Memorandum by Mr William Horsley

  Journalist and broadcaster, Chairman of the Association of European Journalists (UK) since 2001 and former BBC News correspondent (to 2007). My comments draw on some 25 years' experience as a BBC foreign affairs correspondent, including 17 years of reporting closely from and about Europe, from 1991-2007. I worked for BBC TV and Radio as the BBC's Germany Correspondent from 1991-97, and then from 1997-2007 as BBC European Affairs correspondent working out of London, writing regularly for BBC News Online and presenting the World TV and News 24 magazine programme Europe Direct.

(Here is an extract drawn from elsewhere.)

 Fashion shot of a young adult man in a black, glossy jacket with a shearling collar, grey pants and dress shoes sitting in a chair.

  (NB The Association of European Journalists is an independent, non-partisan group of professional journalists and media practitioners concerned broadly with European affairs. It holds regular members meetings in London with public figures and promotes media freedom and standards. The AEJ has branches in more than 20 European countries, and was this year granted Observer status on media policy issues with the Council of Europe, the main watchdog for civil and media rights across Europe. I am also the AEJ's international Media Freedom Representative, and edited and co-wrote the two Surveys of Media Freedom in Europe published by the AEJ over the past year. They are available on www.aej-uk.org.)

1.  THIS SUBMISSION

  I am submitting these comments in response to your Call for Evidence, addressed to me by letter in July. It is an individual submission, but I include a few brief additional comments, with their permission, from two colleagues who have taken part in AEJ events.

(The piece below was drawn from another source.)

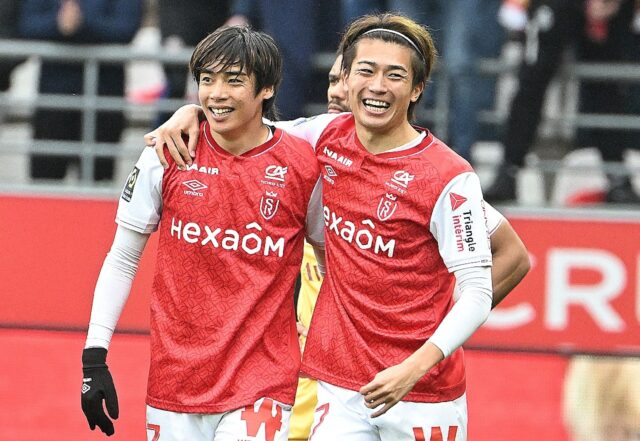 Junya Ito (L) celebrates with compatriot Keito Nakamura after scoring for Reims against Me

2.  BARRIERS TO OPENNESS: A CRITICAL ASSESSMENT

  I applaud the principles and main reforms proposed in the Phillis Report of 2004, but assess the implementation of the recommendations as inadequate in key respects. The government still tends to cling to a culture of secrecy, based on restricted and carefully rationed media access to information about policies. It is a self-defeating approach which also negates some good efforts to implement Phillis—for example by using government websites, e-mail shots and interactive services.

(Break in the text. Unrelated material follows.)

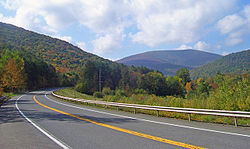A paved highway with double-yellow centerline, shoulders and a guardrail on the far side curves across the foreground. In the distance is a high, flat-topped mountain covered in woods, with some trees showing early autumn color, framed by similar slopes on either side. Above the landscape is a blue sky with clouds.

  3.  The "three-way breakdown of trust" among politicians, media and the public which Sir Robert Phillis and his team identified can not be said to have improved since 2004. On the contrary, a growing disconnect is apparent between the government's major declarations of purpose, and its assessments of life in Britain, and the realities and concerns in the mind of the British public. Entrenched, old-fashioned practices and attitudes of secrecy on the part of government ministers and officials represent a structural barrier to the dialogue the government says it wants. Importantly, the task of government communicators has been made harder, and sometimes perhaps impossible, by an obvious and much debated lack of political coherence in the government's presentation of its strategic priorities and policies, on issues ranging from taxation to energy policy. As a result the public largely feels excluded, not consulted, and has repeatedly shown in recent months that it feels baffled about the government's intentions and policies.

  4.  Public trust in the media has also declined further, from a rather low starting-point in 2004. The British public often sees the mainstream media as part of the same problem, of a privileged elite operating in a separate world, rubbing shoulders with those in power. Government and media are suspected of colluding in secret places and secret ways for their mutual advantage, despite the fierce attacks often traded between government and media (notably Tony Blair's "feral beasts" speech of 2007). A large part of the public is dissatisfied with the way the national media have reported and presented the changing picture of government activity. The remedy must lie in real government moves to ensure more openness and directness. One obvious step in that direction would be more live Internet broadcasts and transcripts of ministerial press conferences and other policy presentations.

  5.  The UK's mainstream media have themselves committed serious breaches of professional ethics, including phone-in scams, and they stand accused collectively of "dumbing-down" the coverage of serious issues in the nation's life in the pursuit of ratings, popularity and mindless glorifying of celebrity. Together, these failures on the part of government and media have led to popular disillusionment and alienation, which risks developing into a real sense of disenfranchisement among significant parts of the population.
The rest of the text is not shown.